Şans, mutluluk ya da mutsuzluğa neden olabilecek bir şey değildir.
İmam Ali (Allah’ın selamı üzerine olsun) bir hutbesinde şöyle buyurmuştur:
“İnsanın, nefsi kuvvetli (güçlü iradeye sahip) olduğunda, reyine, aciz olduğu zaman ise, şansa yönelir.”[1]
Ruhi yönden güçlü insanlar, hayatta mutlu olmak için kendi düşüncelerine dayanır; mutluluk ve başarının sırrını keşfetmek, mutluluk ve başarı anahtarına sahip olmak için çaba harcarlar. Ama zayıf iradeli kimseler ise, gerekli düşünce gücüne sahip olmadıklarından; hayal aleminde kader, kısmet ve şansı mutluluk ya da mutsuzluğun nedeni zannederek hayatta başarılı olmanın sırrı ve sebebi hakkında düşünmek zahmetine katlanmazlar.
Başarının Esasları
Her işte insanın başarılı olması, genel olarak şu üç esasa dayanır:
Birinci esas: Bilinç ve uyanıklık,
İkinci esas: Araç ve imkân,
Üçüncü esas: Çaba ve gayret
Bu üç esastan birinin olmaması halinde başarı olanaksız hale dönüşür.
Eğer gençlik, en iyi hayat yolunu teşhis edemez veya gerekli araçlar ve imkâna sahip olmazsa ya da gayret göstermezse kesinlikle yaşamında başarılı olamaz. Bu yüzden hayat yolunun başlangıcında bulunan akıllı bir gencin en önemli, en acil görevi en iyi yolu tanıması, ilerlemesi için gerekli araçları -imkânları- sağlaması, hareket ve çaba sarf etmek için kararlı olmasıdır.

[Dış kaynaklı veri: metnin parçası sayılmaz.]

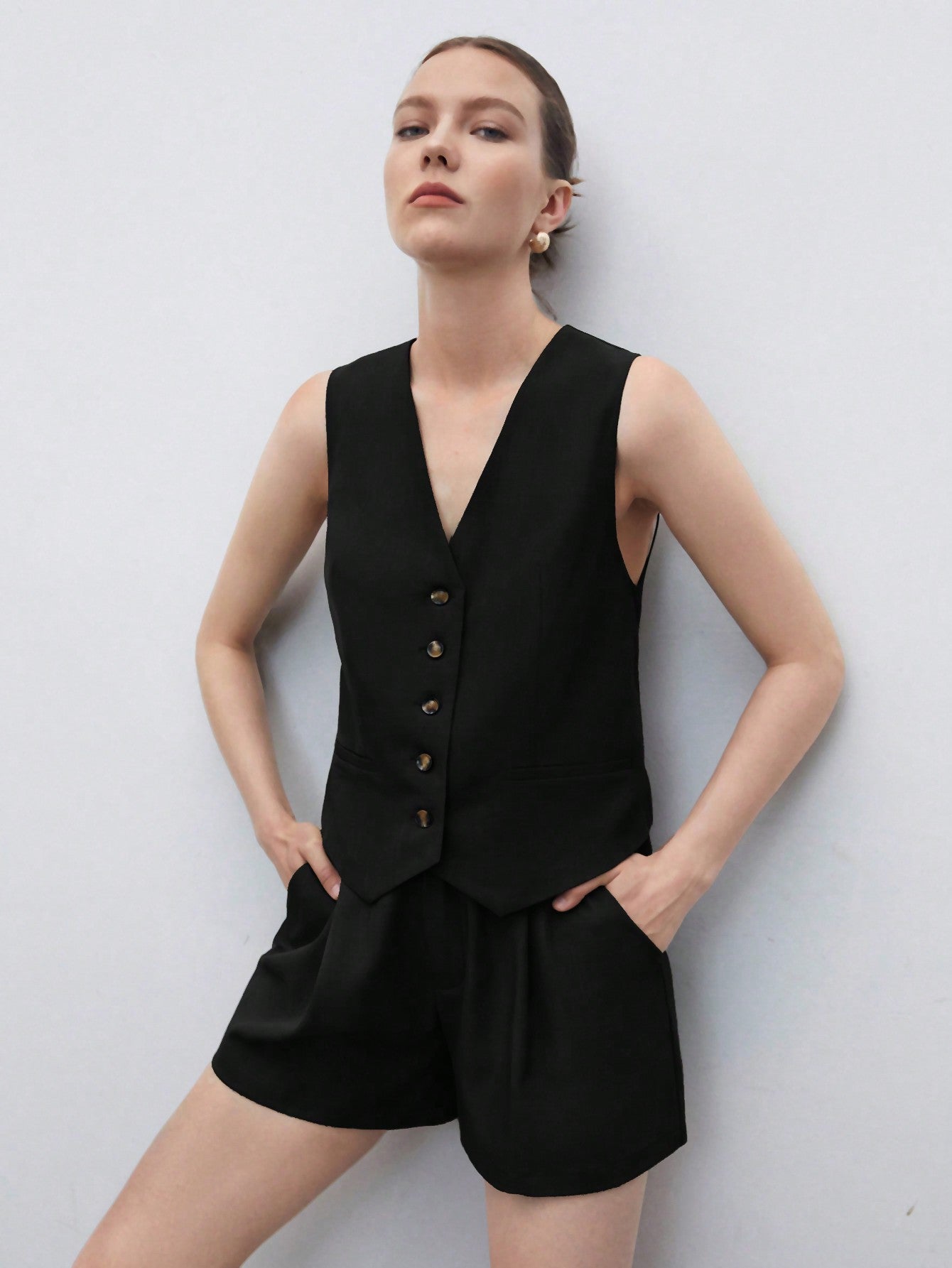 Button Front Vest Blazer & Shorts Workwear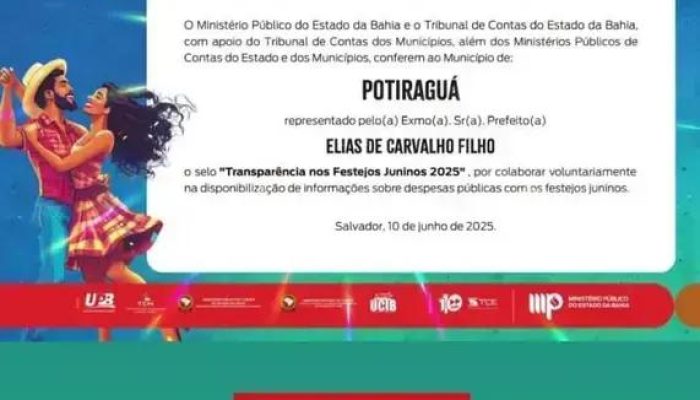 Potiraguá ganha Selo de Transparência e se prepara para o São João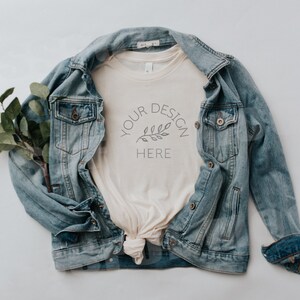 Bella Canvas Mockup, Bella Canvas Mockup with Jacket,  3001 Mockup,  Soft Cream Shirt Mockup, 3001 Mockup, T Shirt Mockup , Shirt Flat Lay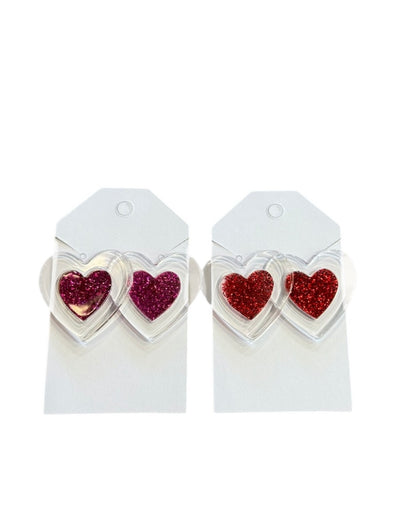 Red & Pink Acrylic Heart Earrings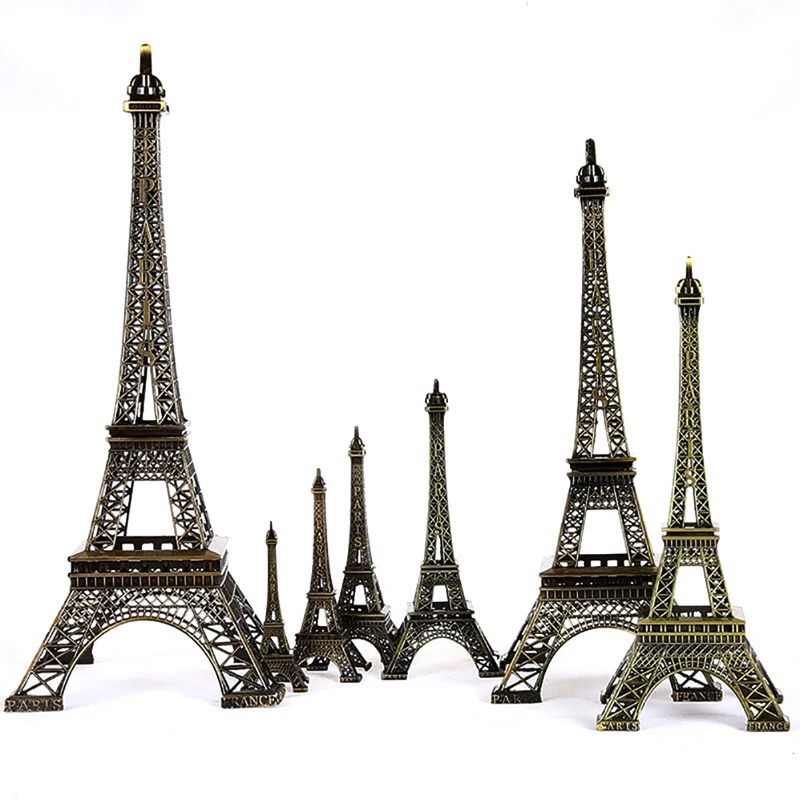 

Бронзовая Эйфелева башня Парижа, 8-18 см, металлические поделки, украшения для дома, статуэтка, модель, сувенир, модель здания, башня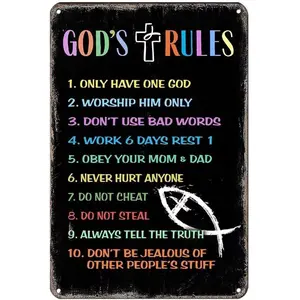 Ten Commandments Wall Decor,Room Decor for Boys,Girls Bedroom,Religious Bible Verse Wall Art,Christian Scripture Home Decoration Sign Decorative Sign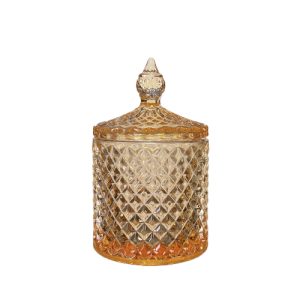 K10 001A Hellbernstein – Glasbehälter mit Deckel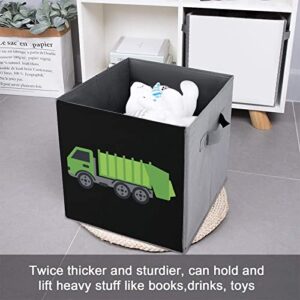 Green Garbage Truck Foldable Storage Bins Printd Fabric Cube Baskets Boxes with Handles for Clothes Toys, 11x11x11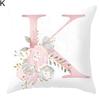 Orion English Alphabet Floral Print Pillow Case Waist Cushion Cover Wedding Bed Decor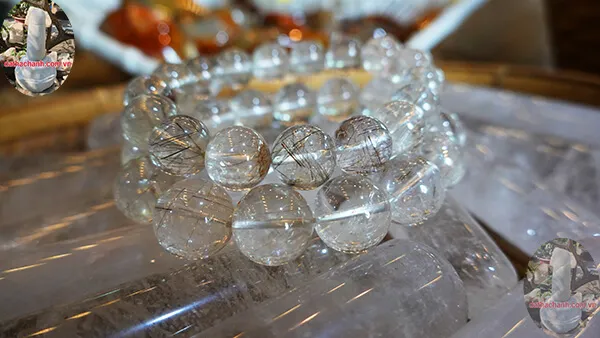 Vòng tay đá thạch anh tóc trắng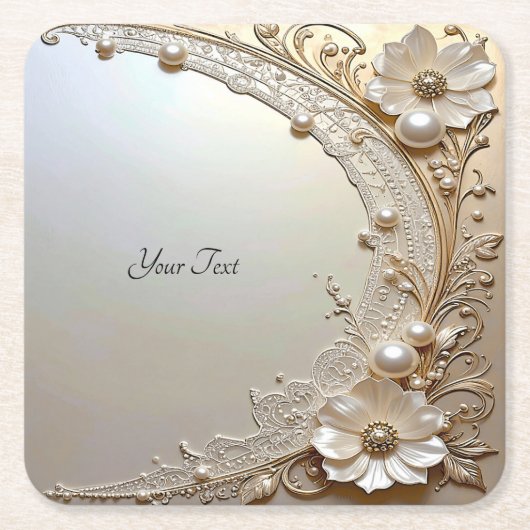 Sous-verre en papier fleurs blanches modernes perl (Devant)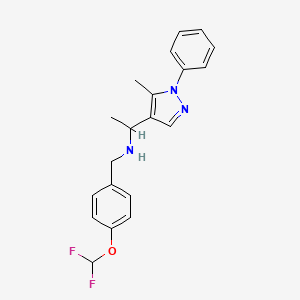 molecular formula C20H21F2N3O B3779848 N-[[4-(difluoromethoxy)phenyl]methyl]-1-(5-methyl-1-phenylpyrazol-4-yl)ethanamine 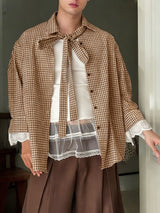 Men's Plaid Bow Long Sleeve Shirt SKUL45417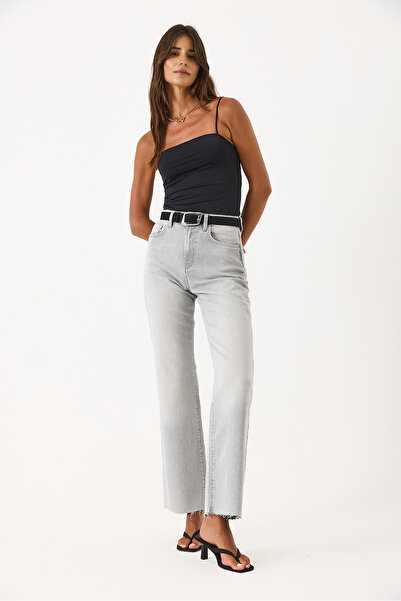 VENA Wanda Grey Wide Leg Jean Παντελόνι - ΓΚΡΙ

En İyi Hayat Yolunu Teşhis Etmek
Başarının sırrını elde etmede atılacak ilk adım, en iyi hayat yolunu teşhis etmektir. Gençlik başarı ve mutluluk için gerekli olan yolu tanımadıkça, o yolda ilerlemek için gerekli araçları temin edemez ve bu uğurdaki bütün çabaları boşa gider. Hatta onu, ulaşmak istediği hedefinden uzaklaştırır. Demek ki başarının elde edilmesinde karşılaşılan ilk sorun, bu yolu tanımanın nasıl gerçekleştirilebileceğidir.
Hayatın inişli-çıkışlı yolunun başlangıcında olan bir genç ne şekilde en iyi yolu keşfedebilir? Diyelim ki bu yolu keşfetti, peki gerekli imkânı, araçları nereden elde etsin?
Acaba genç, tek başına bu önemli işin üstesinden gelebilir mi? Yoksa mutlaka birilerinin yardımı mı olmalı? Birileriyle danışmalı mı? Eğer başkalarıyla danışmak, birilerinden yardım almak zorunlu ise; kimdir ona sorunlarında ve ihtiyaçlarının karşılanmasında yardımcı olabilecek kimse?
Gerçek şudur ki, merhamet sahibi yüce yaratıcıdan başka hiçbir kimse en iyi hayat yolunu tanımada, bulmada insana yardım edemez. Gençlik ne kendi başına en iyi hayat yolunu bulabilir, ne de çeşitli görüş ve düşüncelere sahip başkalarının düşünsel yardımları tek başına yeterli olabilir. O halde hayatın esrarını çözümleyecek, ona yardımcı olacak tekşey onun yaratucusı olan Allah’tır..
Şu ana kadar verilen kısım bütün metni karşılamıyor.